REQUIRED WORK:
Note on the material below: return exactly the lines from the line that holds "Fresh Black Rye" through the line that holds "Naklejka premium Young", and leave out each picture.

RECORD EXTRACTS:
####################

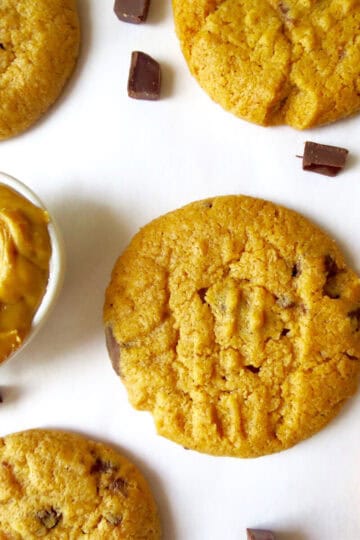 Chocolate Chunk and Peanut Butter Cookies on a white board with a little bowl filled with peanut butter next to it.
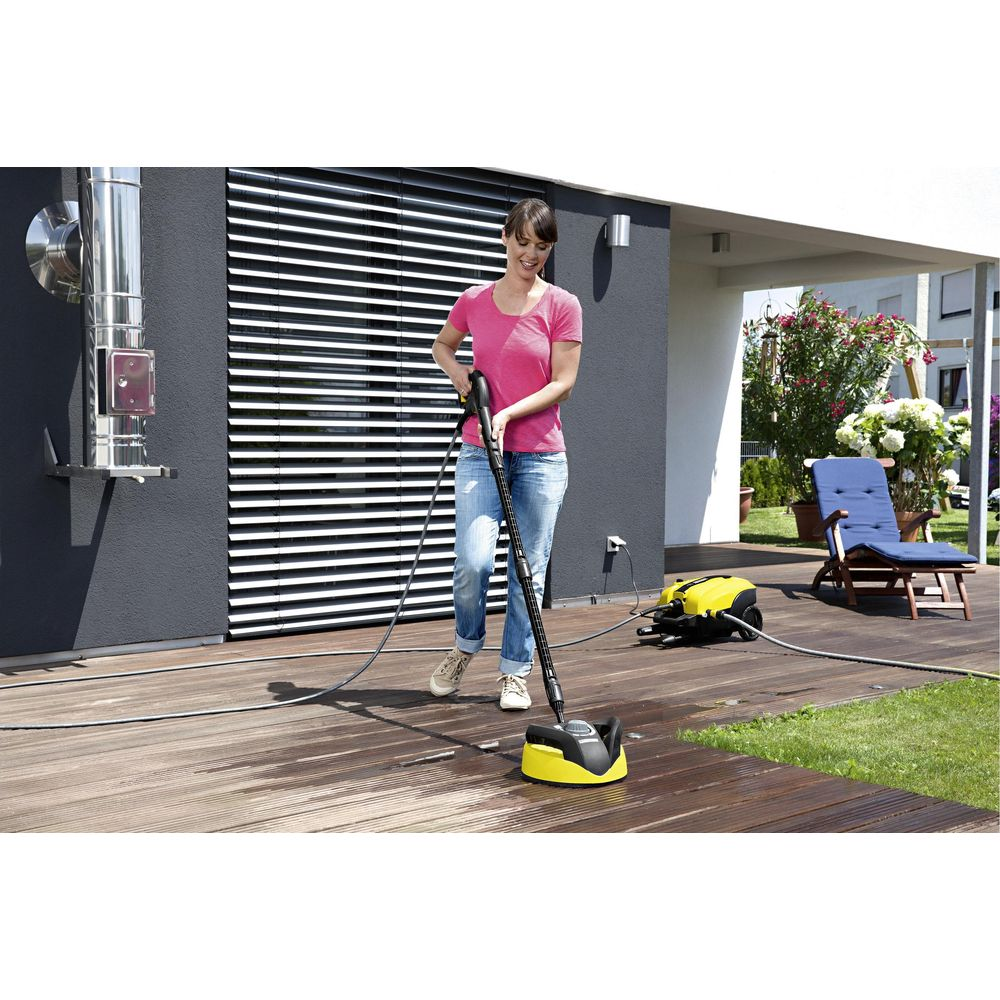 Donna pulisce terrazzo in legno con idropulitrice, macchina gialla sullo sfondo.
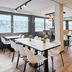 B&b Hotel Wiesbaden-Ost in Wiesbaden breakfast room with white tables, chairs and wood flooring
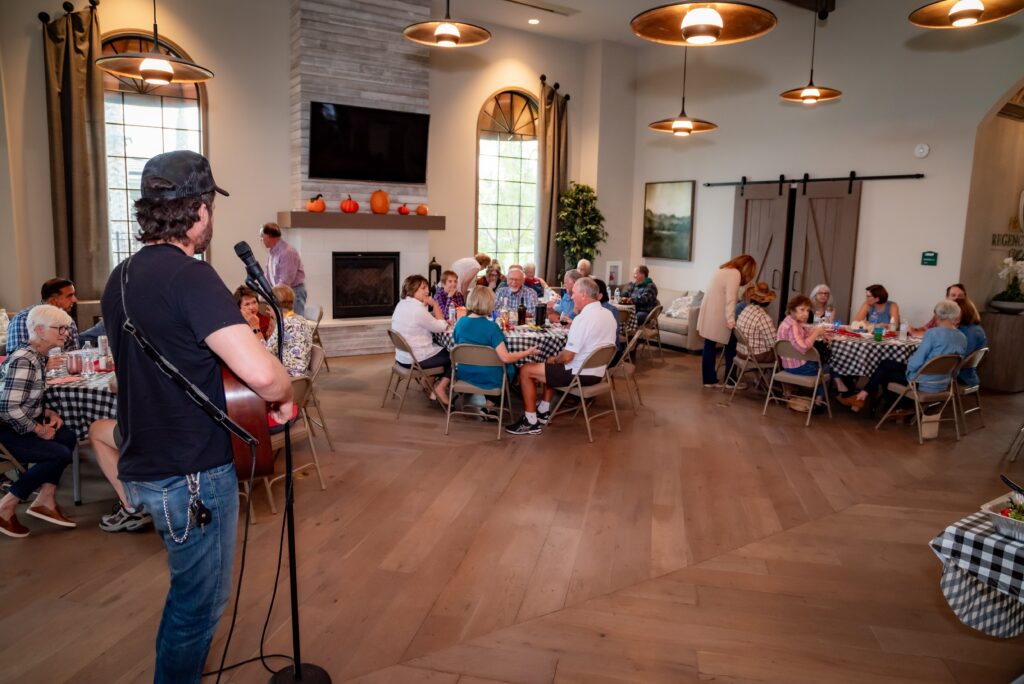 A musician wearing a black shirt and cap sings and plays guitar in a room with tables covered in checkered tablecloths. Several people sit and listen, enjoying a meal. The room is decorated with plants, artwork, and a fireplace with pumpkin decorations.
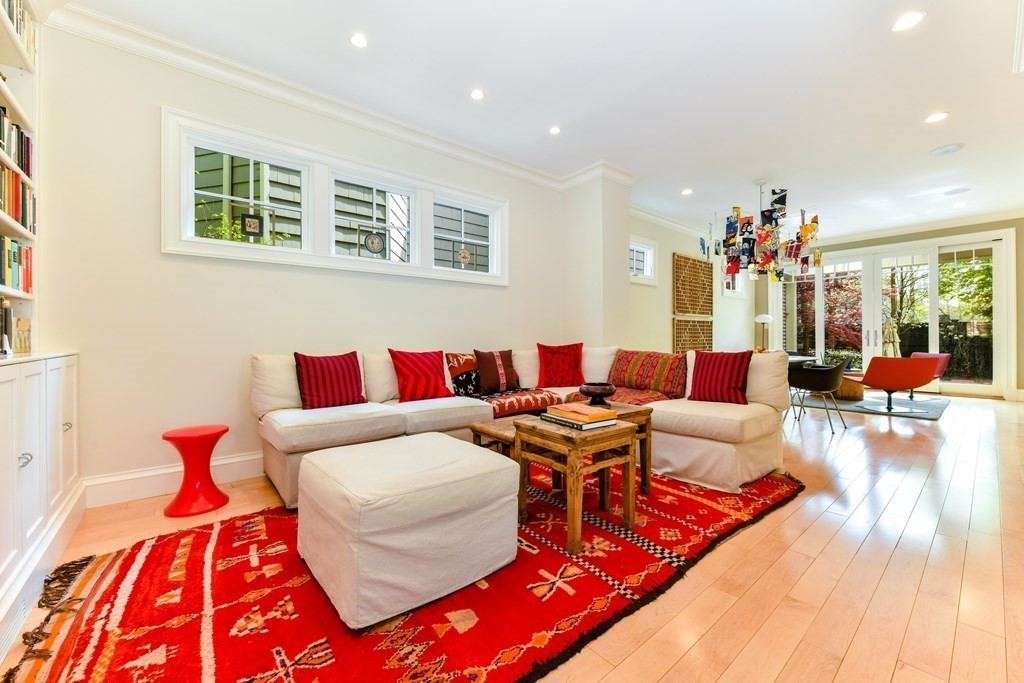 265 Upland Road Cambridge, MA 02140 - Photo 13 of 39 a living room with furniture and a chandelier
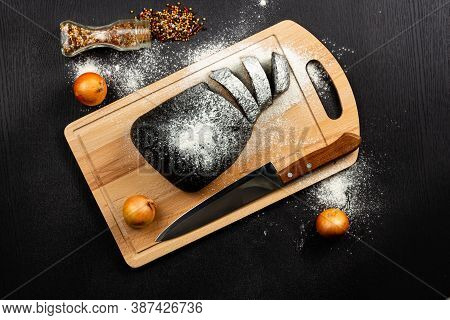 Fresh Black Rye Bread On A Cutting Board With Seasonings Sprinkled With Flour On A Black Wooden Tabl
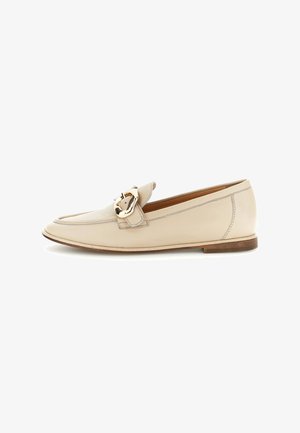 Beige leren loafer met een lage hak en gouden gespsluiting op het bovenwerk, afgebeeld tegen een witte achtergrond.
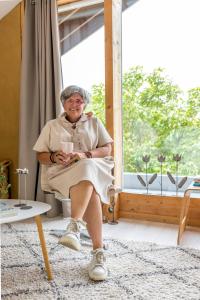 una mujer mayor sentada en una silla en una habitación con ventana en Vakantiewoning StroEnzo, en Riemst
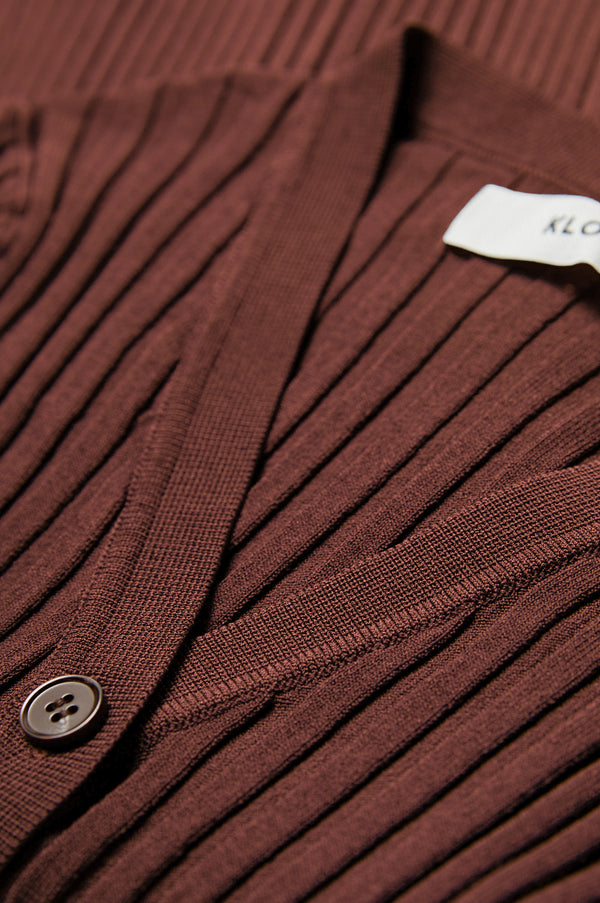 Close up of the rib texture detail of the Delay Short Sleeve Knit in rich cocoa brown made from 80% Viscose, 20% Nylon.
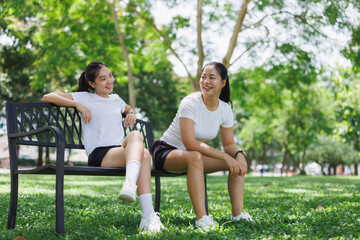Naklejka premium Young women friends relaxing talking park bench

####################

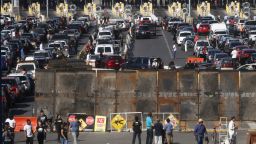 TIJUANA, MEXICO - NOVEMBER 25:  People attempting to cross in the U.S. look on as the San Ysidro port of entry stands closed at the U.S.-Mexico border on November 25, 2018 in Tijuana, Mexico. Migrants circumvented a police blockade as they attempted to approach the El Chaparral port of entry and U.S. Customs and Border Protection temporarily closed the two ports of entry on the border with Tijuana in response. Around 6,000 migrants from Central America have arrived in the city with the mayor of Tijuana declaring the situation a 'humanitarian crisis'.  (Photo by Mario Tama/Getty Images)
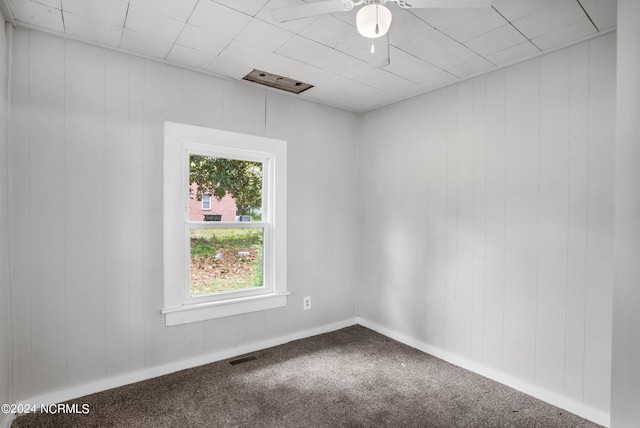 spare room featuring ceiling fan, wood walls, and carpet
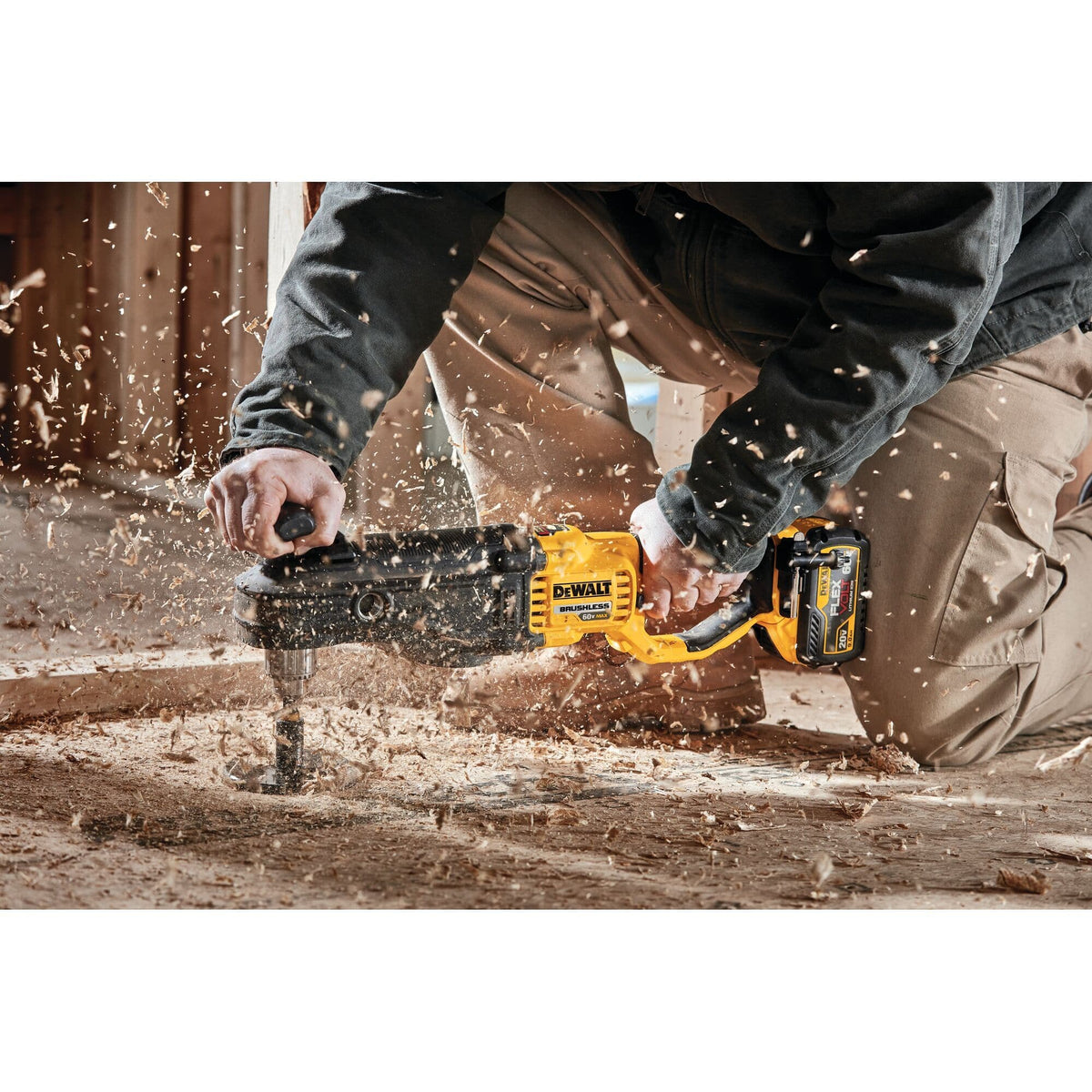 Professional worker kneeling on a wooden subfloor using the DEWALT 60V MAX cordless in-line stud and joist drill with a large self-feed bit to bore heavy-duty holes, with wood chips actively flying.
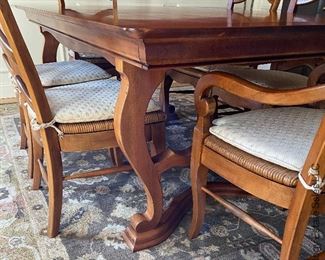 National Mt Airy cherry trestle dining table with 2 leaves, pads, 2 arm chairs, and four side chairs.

####################

ANSWER BOX:
 Fresh Black Rye Bread On A Cutting Board With Seasonings Sprinkled With Flour On A Black Wooden Tabl
 Beige leren loafer met een lage hak en gouden gespsluiting op het bovenwerk, afgebeeld tegen een witte achtergrond.
 una mujer mayor sentada en una silla en una habitación con ventana en Vakantiewoning StroEnzo, en Riemst
 Close up of the rib texture detail of the Delay Short Sleeve Knit in rich cocoa brown made from 80% Viscose, 20% Nylon.
Naklejka premium Young women friends relaxing talking park bench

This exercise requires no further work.